Nicholas Taylor, an Australian academic who helped organised the Athens Dialogue, pointed out that it gets forgotten that although states make agreements, civil society generally pushes the states to the negotiating table. Susi Snyder, a policy expert from IKV/pax christi Netherlands, called on participants to think about creating more incentives for people in the region to support a zone by emphasising how it would benefit human security. Apart from action to ensure that the conference takes place, it was generally felt that international civil society’s main contribution was to encourage and support more cooperative projects within the region that would bring together ethnic groups and nationalities. “Rock against Rockets”, an idea for rock concerts on shared borders, could get people dancing together, but also projects on water, energy and social needs were seen as important.
Nasser Burdestani, ICAN campaigner from Bahrain, energised all the conference participants with his reporting on work in the region on abolishing nuclear weapons. ICAN Middle East campaigners translate campaign materials into Arabic, Hebrew and Farsi. The ICAN Facebook page in Arabic has already 48,000 likes, although the subject was hardly ever discussed by the general public in the region before except in the context of Iran. The conference took this idea up and decided to make all publications on the WMD free zone available online in the languages of the region.

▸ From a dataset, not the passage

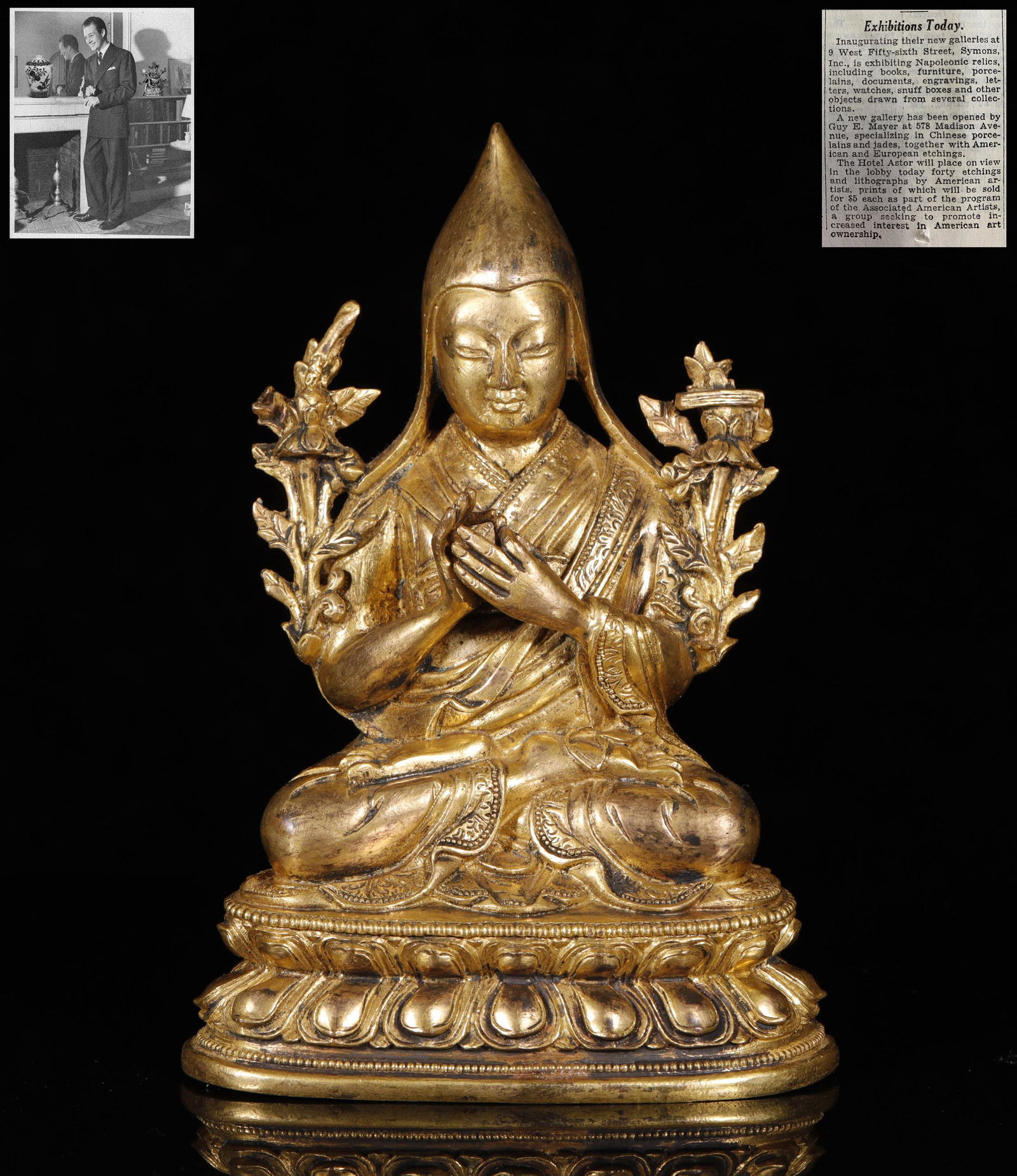 Qing Dynastyy - Gilt Je Tsongkhapa Statue (1 of 13)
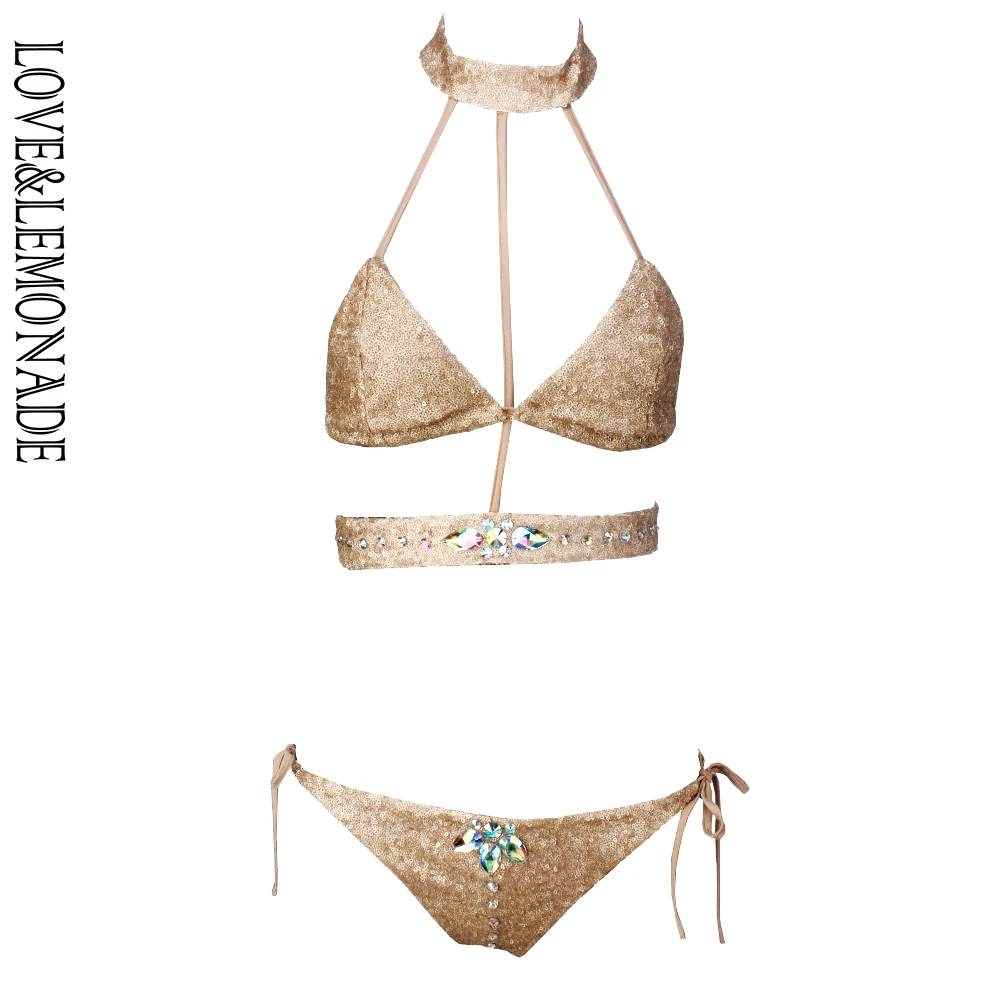 Женский костюм двойка LOVE & LEMONADE золотистый с блестками и вырезами модель LM0059|two-piece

Erkki Tuomija, the Finnish Foreign Minister, ended the conference by telling us all how crucial civil society’s engagement is for disarmament and a safer world and how grateful the conference’s facilitator Jaakko Laajava is for all the many contributions and events organised so far. In his opinion, we have never been closer to getting a WMD free zone in the Middle East as we are now. Nevertheless, for most of us, the dream of a Middle East without weapons of mass destruction will still seem impossibly out of reach until the political will is created to actually set a date and send out invitations to a conference in Helsinki in the very near future that all states of the region agree to attend. On the other hand, if they don’t, the future looks very grim indeed.